I have a requirement to read an excel file from the system and to modify that file (eg remove duplicates ) and drop it in to another location.
I am using IFormFile
.
Can anyone help me to remove duplicates from the file and update the same file and create a new file with the duplicated values.
Here is what I have to read the file
var result = new StringBuilder();
using (var reader = new StreamReader(iFormFile.OpenReadStream()))
{
//read till EOF
while (reader.Peek() >= 0)
{
result.AppendLine(await reader.ReadLineAsync());
}
}
public async Task<Stream> ValidateDataFileAsync(Stream stream, CancellationToken token)
{
List<string> result = new List<string>();
using (var reader = new StreamReader(stream))
{
while (reader.Peek() >= 0)
result.Add(await reader.ReadLineAsync());
}
HashSet<string> hSet = new HashSet<string>(result);
return hSet;
//How do i convert the hashset to stream.
}
Firstly install the Nuget:
Install-Package WindowsAzure.Storage -Version 9.3.3
and
Install-Package EPPlus -Version 4.5.2.1
Make an interface IBlobManager.cs
which will house all your Blob operations:
using System;
using System.IO;
using System.Threading.Tasks;
namespace UploadAzureBlob.Services
{
public interface IBlobManager
{
Task<string> UploadFileToBlobAsync(string fileName, Stream stream);
}
}
Implement the above interface in a class BlobManager.cs
:
using Microsoft.WindowsAzure.Storage;
using Microsoft.WindowsAzure.Storage.Blob;
using System;
using System.Collections.Generic;
using System.IO;
using System.Text;
using System.Threading.Tasks;
namespace UploadAzureBlob.Services
{
public class BlobManager : IBlobManager
{
private CloudBlobClient cloudBlobClient;
public BlobManager()
{
// Retrieve the connection string for blob storage
string storageConnectionString = "";
CloudStorageAccount.TryParse(storageConnectionString, out CloudStorageAccount storageAccount);
// Create the CloudBlobClient that represents the Blob storage endpoint for the storage account.
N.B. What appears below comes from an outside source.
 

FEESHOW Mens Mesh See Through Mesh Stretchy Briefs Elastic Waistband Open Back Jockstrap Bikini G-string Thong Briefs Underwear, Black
cloudBlobClient = storageAccount.CreateCloudBlobClient();
}
/// <summary>
/// Uploads a file to blob storage.
/// </summary>
/// <param name="fileName"></param>
/// <param name="file"></param>
/// <returns></returns>
public async Task<string> UploadFileToBlobAsync(string fileName, Stream stream)
{
try
{
// Create a container.
CloudBlobContainer blobContainer = cloudBlobClient.GetContainerReference("test");
await blobContainer.CreateAsync();
BlobContainerPermissions perm = await blobContainer.GetPermissionsAsync();
perm.PublicAccess = BlobContainerPublicAccessType.Container;
await blobContainer.SetPermissionsAsync(perm);
// Get a reference to the blob address, then upload the file to the blob.
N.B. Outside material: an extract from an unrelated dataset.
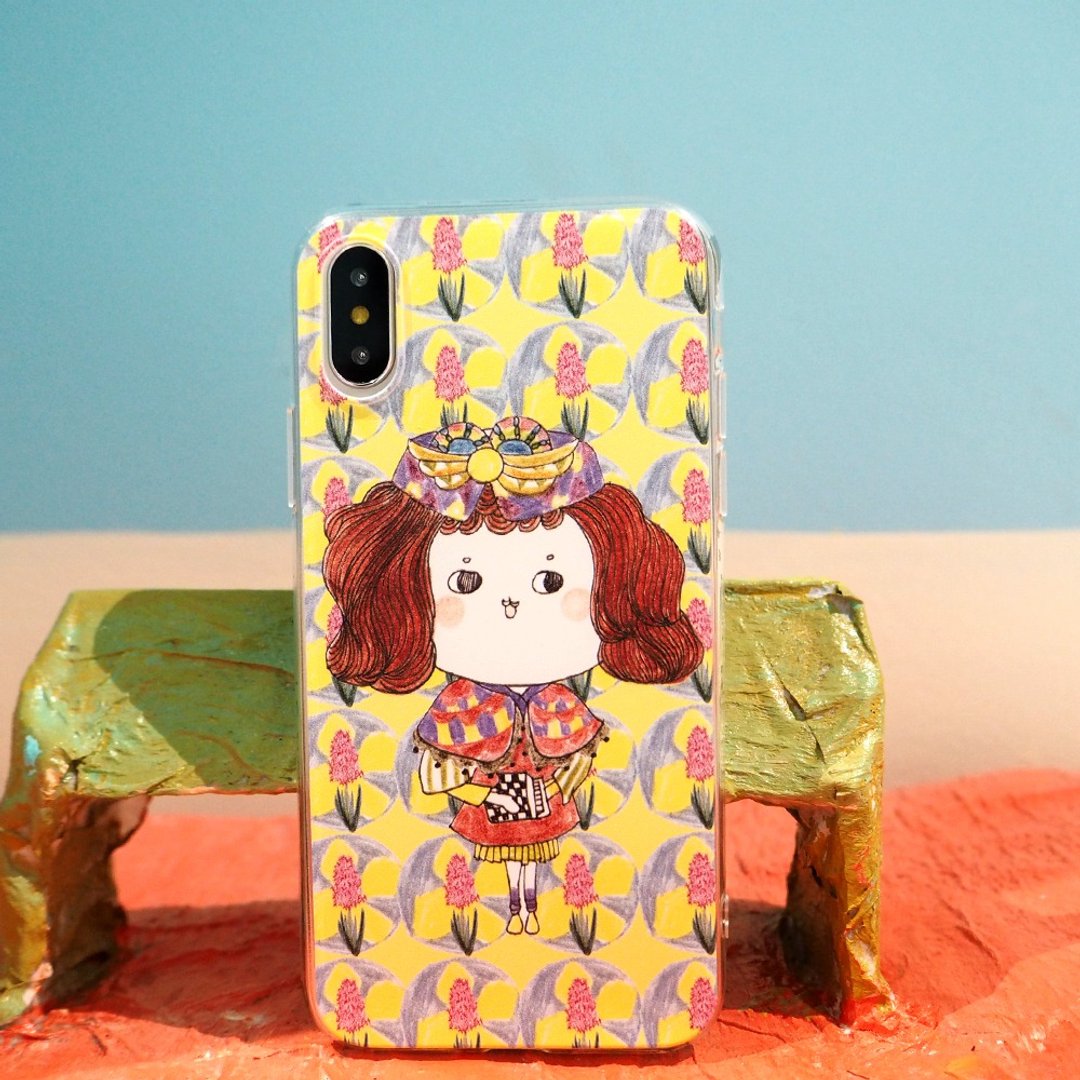 风信子国公主花系包子小姐iPhone XS手机壳雾面全包裹软胶童画 - 手机壳/手机套 - 塑料 黄色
var cloudBlockBlob = blobContainer.GetBlockBlobReference(fileName);
await cloudBlockBlob.UploadFromStreamAsync(stream);
// Returning the URI of the freshly created resource
return cloudBlockBlob.Uri.ToString();
}
catch (StorageException ex)
{
throw;
}
}
}
}
Now finally in your controller:
public async Task<string> ValidateDataFileAsync(IFormFile formFile)
{
List<string> result = new List<string>();
using (var reader = new StreamReader(formFile.OpenReadStream()))
{
//read till EOF
while (reader.Peek() >= 0)
result.Add(reader.ReadLineAsync().Result);
}
// Filter by repeated items
result = result.GroupBy(x => x).Where(x => x.Count() > 1).Select(x => x.Key).ToList();
// Write the List<string> into the MemoryStream using the EPPlus package
MemoryStream memoryStream = new MemoryStream();
using (var package = new ExcelPackage())
{
var worksheet = package.Workbook.Worksheets.Add("Worksheet 1");
worksheet.Cells["A1"].LoadFromCollection(result);
memoryStream = new MemoryStream(package.GetAsByteArray());
}
IBlobManager blobManager = new BlobManager();
string newResourceUri = await blobManager.UploadFileToBlobAsync(formFile.FileName, memoryStream);
return newResourceUri;
}